Task to carry out: In the records below, the line with "this 1344×896 image." and every line after it must be written out exactly; no pictures belong in the result.

Referring expression grounding data:
═══

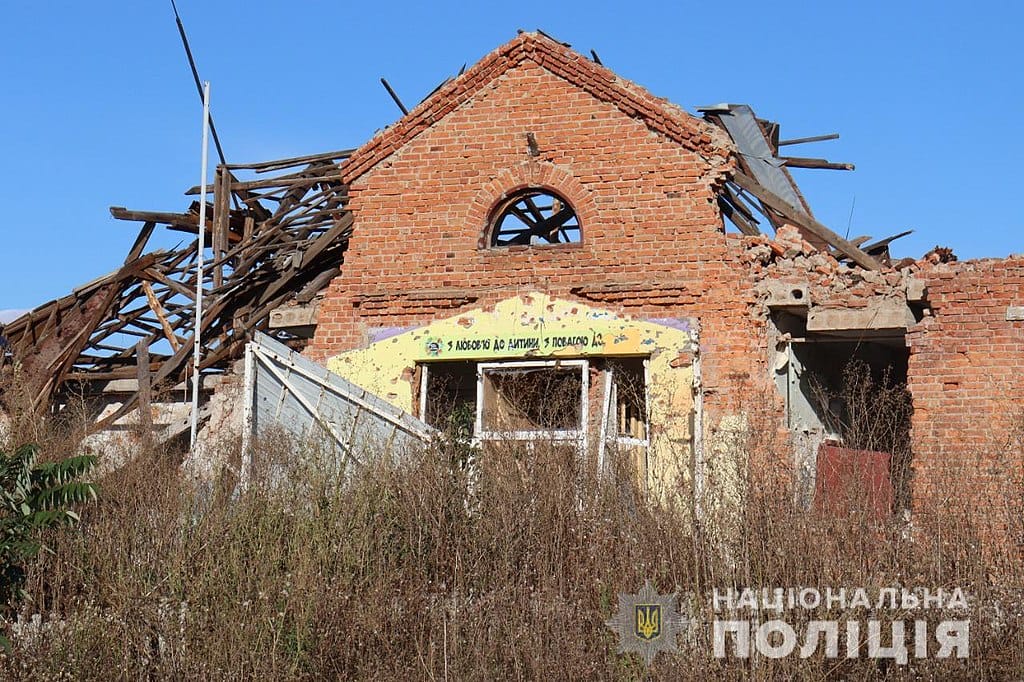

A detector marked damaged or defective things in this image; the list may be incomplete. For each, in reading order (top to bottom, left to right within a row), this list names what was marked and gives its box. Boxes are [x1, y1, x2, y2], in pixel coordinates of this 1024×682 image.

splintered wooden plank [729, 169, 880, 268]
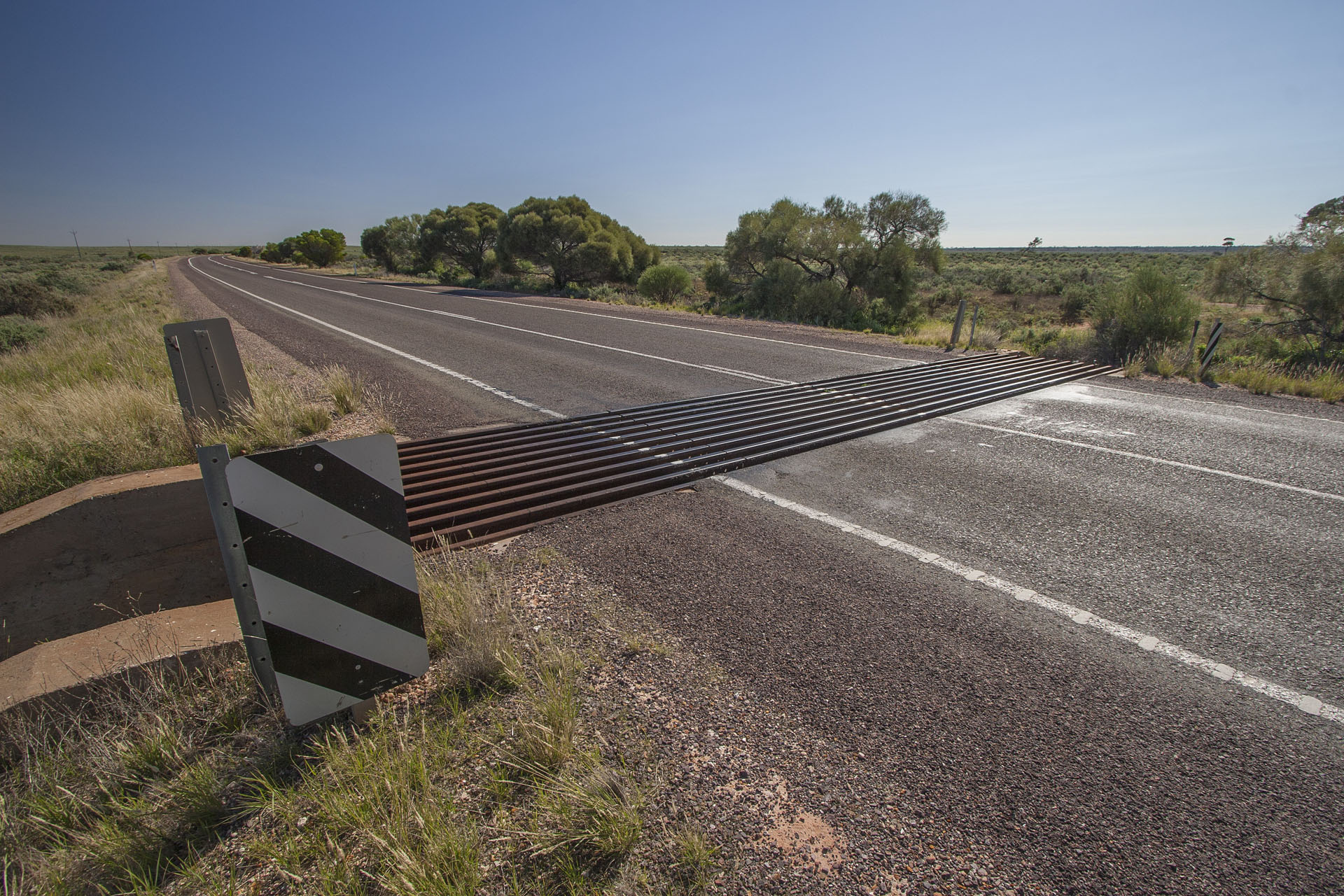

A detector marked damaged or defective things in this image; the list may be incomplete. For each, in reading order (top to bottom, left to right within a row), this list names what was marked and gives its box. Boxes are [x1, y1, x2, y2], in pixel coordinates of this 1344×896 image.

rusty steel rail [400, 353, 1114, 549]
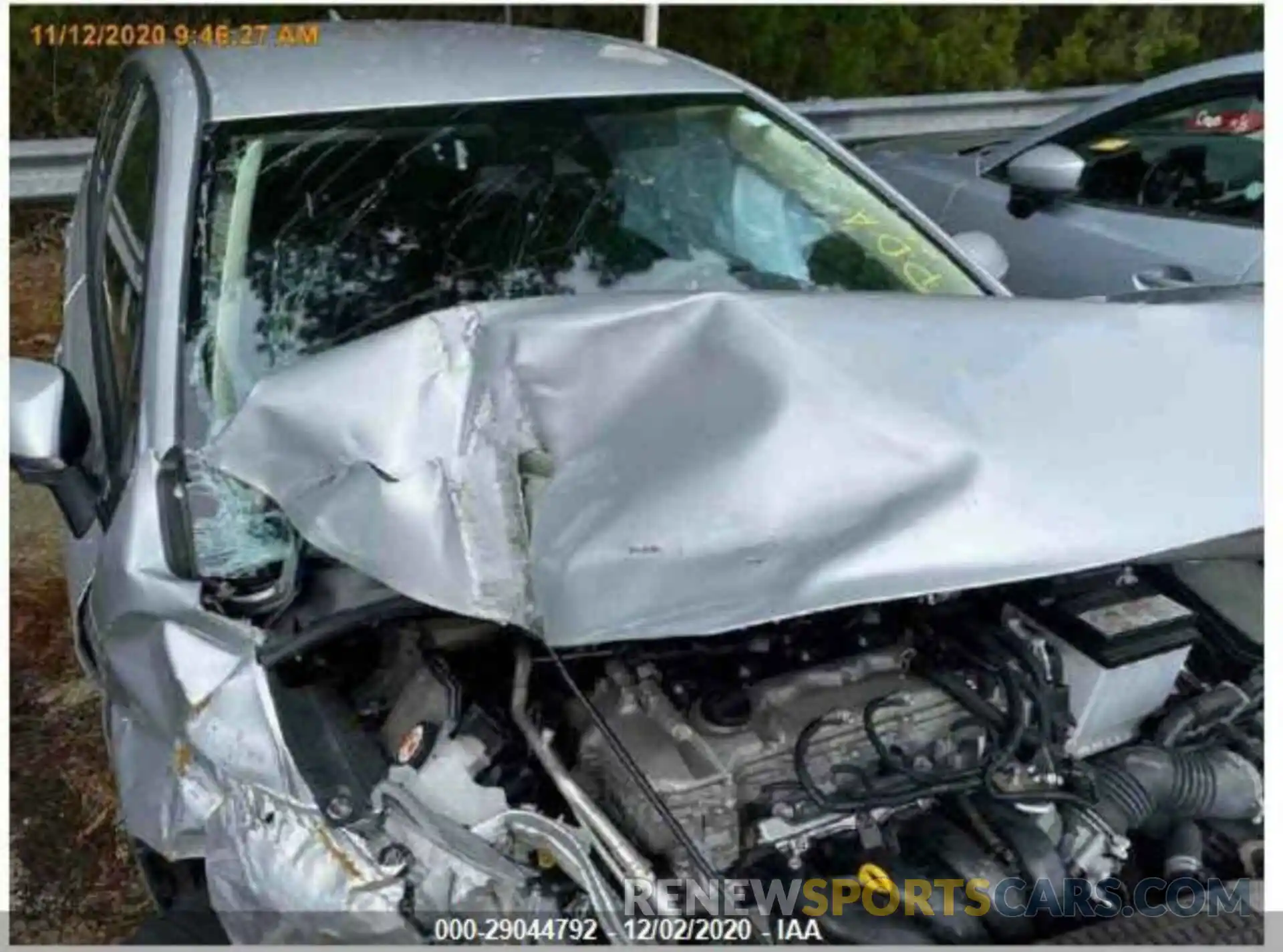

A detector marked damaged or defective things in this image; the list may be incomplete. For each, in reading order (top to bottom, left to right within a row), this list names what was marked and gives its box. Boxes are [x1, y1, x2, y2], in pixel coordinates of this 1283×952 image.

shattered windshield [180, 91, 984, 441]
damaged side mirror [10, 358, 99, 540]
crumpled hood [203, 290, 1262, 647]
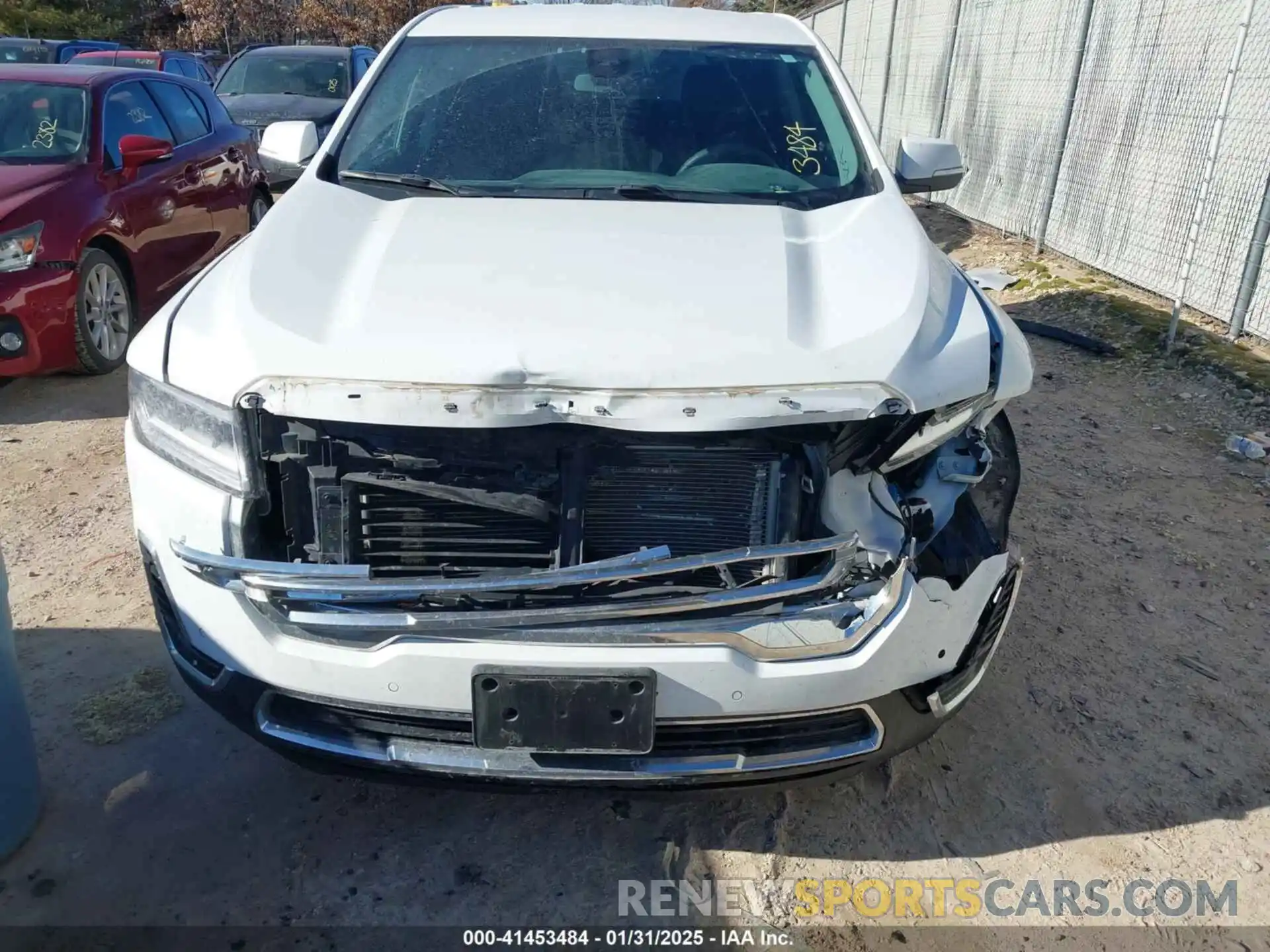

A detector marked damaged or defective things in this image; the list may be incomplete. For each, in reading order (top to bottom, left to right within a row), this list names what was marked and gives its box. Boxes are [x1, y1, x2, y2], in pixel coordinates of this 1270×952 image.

═══

Exercise solution:
A detector marked damaged or defective things in this image; the list may be incomplete. For each, in reading order (top to bottom, left to right within a row), this list names what was marked and gives its box. Boxes are [x1, y1, x2, y2], in pixel coordinates of this 1344×896 image.

rusty steel rail [400, 353, 1114, 549]

A detector marked damaged or defective things in this image; the list may be incomplete. For each, in reading order (top to bottom, left to right within a row), this list names what was marked and gives its box. Boxes are [x1, y1, x2, y2], in pixel coordinates of this 1283×952 image.

shattered windshield [180, 91, 984, 441]
damaged side mirror [10, 358, 99, 540]
crumpled hood [203, 290, 1262, 647]

A detector marked damaged or defective things in this image; the list may be incomplete. For each, in reading order (top to bottom, left to right within a row), this list names what was marked and gives its box. Boxes are [x1, y1, x2, y2], in pixel coordinates of this 1270×952 image.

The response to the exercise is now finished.